In my opinion, being a bridesmaid is one of the most rewarding and exciting parts of a friendship. A bride can choose anyone to be by her side, and she chose you! But with the excitement that comes with her asking you to be a part of her squad, comes a sense of responsibility and expectation. It all really depends on the bride and what she is expecting your role to be. So, before you say “YES!”, consider the things below to prepare for an engagement of planning. As a disclaimer, I’ve been in five weddings including being a maid of honor and bridesmaid. I’ve also been a bride, so this advice is coming from both sides.
You want me to pay how much?
Yep, get ready to spend a lot of money. Even if the bride is low key. All of the festivities, dress, accessories, gifts, possible travel, etc will add up. I think the safe number to consider is $500. This number is just an estimated number to start saving. It could increase easily (especially if you are traveling) or it could be less. As a bride, I wanted to try and keep in consideration my bridal party and try to help with certain costs. For example, I wanted their hair and makeup professionally done. I paid for their makeup and a part of their hair for the wedding day. They paid for the rest of their hair and bridesmaid dress. Since they had long dresses, I let them wear whichever nude colored shoes they wanted. They spent enough on gifts, bachelorette party festivities and other things that I wanted to help with some costs.
Picking out a dress, I’ll only wear one time.
Sometimes the bride will have a bridesmaid dress picked out already. Some brides give you full control. At the end of the day, it’s not about you and your style. It’s really about the bride. So, if she has a specific look in mind, go with it. Don’t fight it or question why she likes a specific look. If you have the freedom to choose a dress, then you are able to have some fun with different styles and even the cost. Most bridesmaids dresses are going to be expensive for wearing it one day. If you are worried about the cost, do not talk to the bride about it. I know that this is blunt – but she shouldn’t have to make accommodations for you, when you agreed to be by her side. When you said yes, that included all the costs that come with it. Instead, talk to the store or other bridesmaids about figuring out a payment plan. Brides, if you are thinking the dress you want your bridesmaids in will be more costly, try to give them a heads up, if possible.

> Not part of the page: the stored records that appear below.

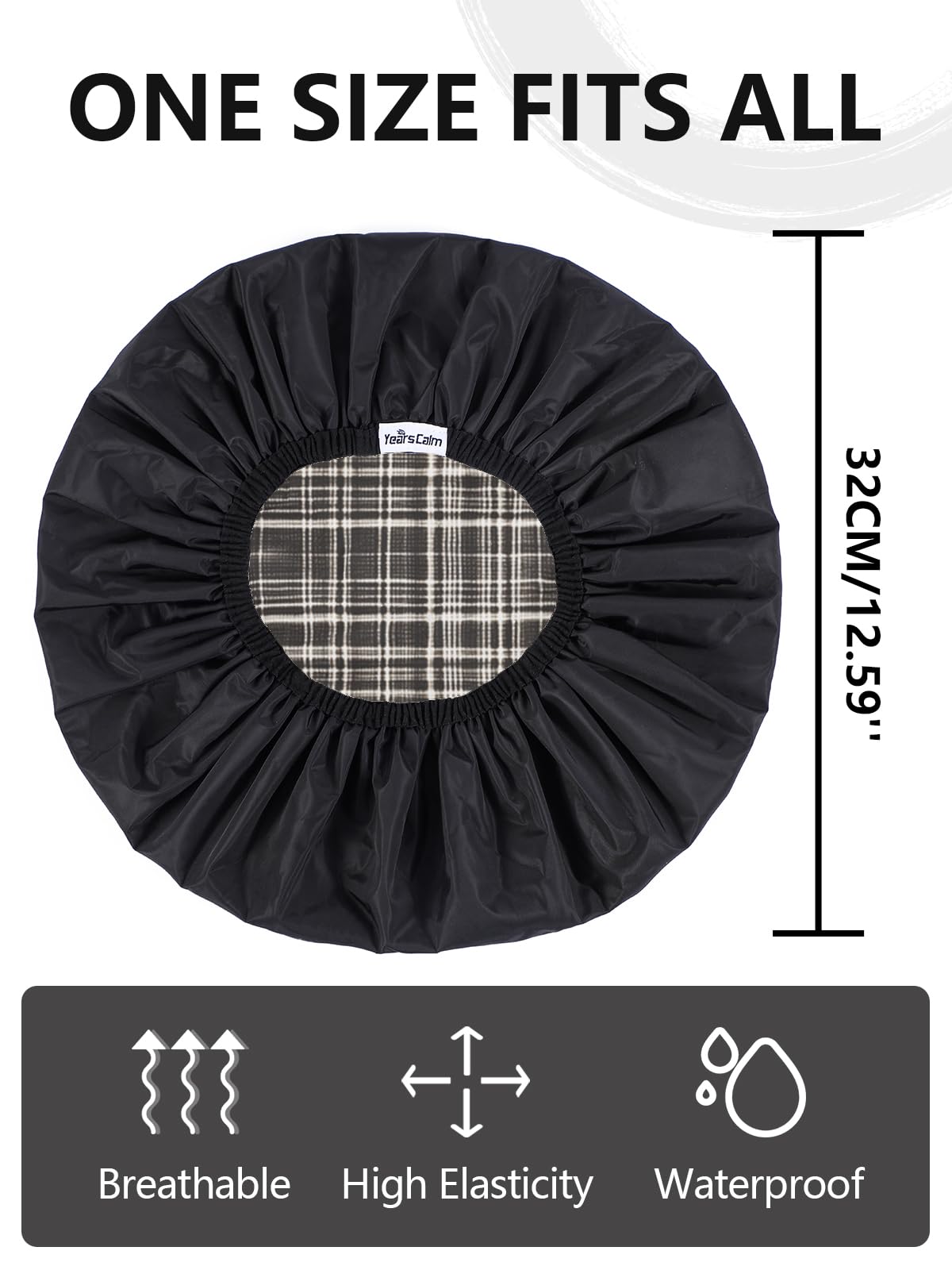Years Calm Men Shower Cap on head demonstrates comfortable fit
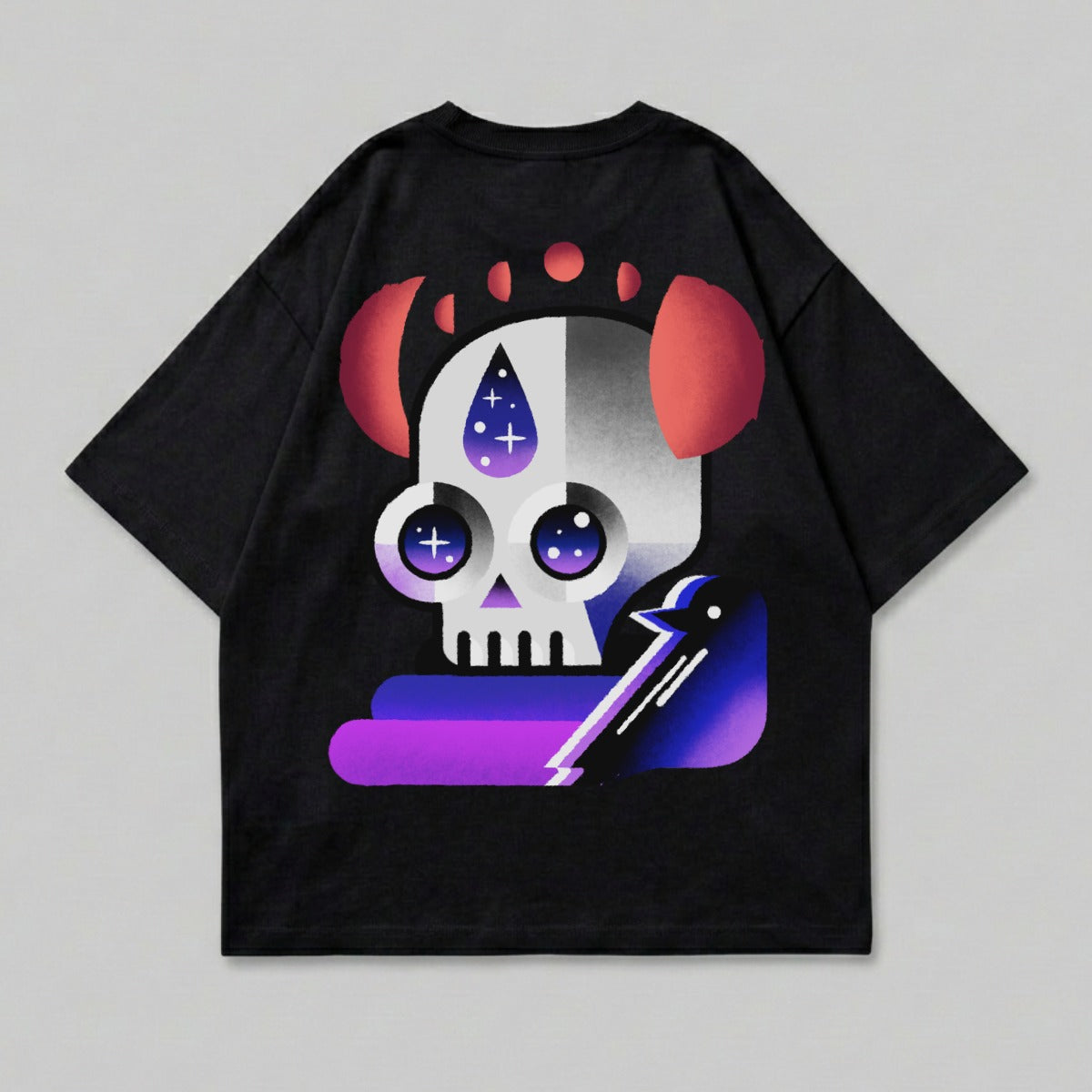 Stylized Skull Purple Bird Design Print product type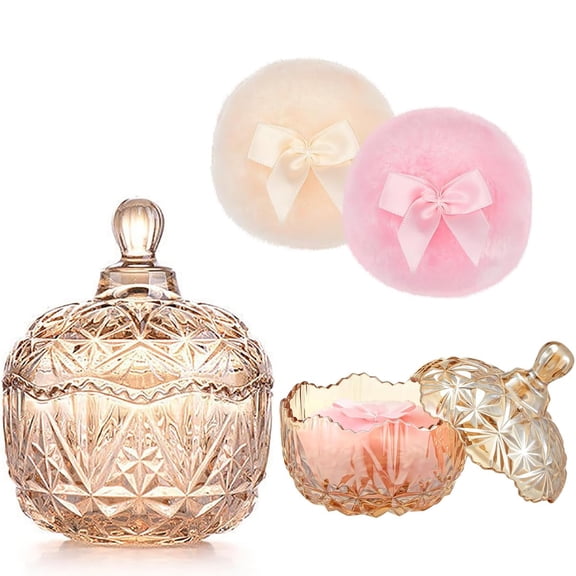 NORIZF 3 Pcs Large Body Powder Puff Set with Crystal Glass Containers - Soft, Washable & Reusable for Face & Body Soft Puffs Wet and Dry Makeup (Crown - Amber)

This will allow them to have more time to save up the money.
What’s my role for the bachelorette and shower festivities?
This can be expensive and the biggest part of planning for a bridesmaid. Most assume you are getting both a bachelorette party gift and a shower gift. Work with the group or another bridesmaid to get a combined gift if money is an issue. In regards to planning the bachelorette party, that is all done by the bridesmaids. The maid of honor usually talks to the bride, to get some guidance, then will touch base with the rest of the group. Try and be as detailed as possible. That way, there are no misunderstandings within the group. For the shower, in many cases, this is hosted by the family of the bride and groom. If that is the case, reach out to the host to see how you can help! If there is no one hosting, talk with the bride about what her vision is for it. Although the wedding day is the most important day, these two other events are very important too and play a vital part leading up to the big day.
As a bridesmaid, you may feel overwhelmed or frustrated. But try to think of it from the brides point of view. The amount you are spending, as a bridesmaid, should not dictate your relationship with the bride. Your comments to the bride will stick with her and can really hurt. Which is why some weddings break up friendships and even family! Brides, remember to appreciate your bridesmaids and acknowledge their hard work. Whether you are a bridesmaid or bride, remember one thing…it’s only ONE day!
What are some things you learned from being in a wedding? Any brides with horror stories?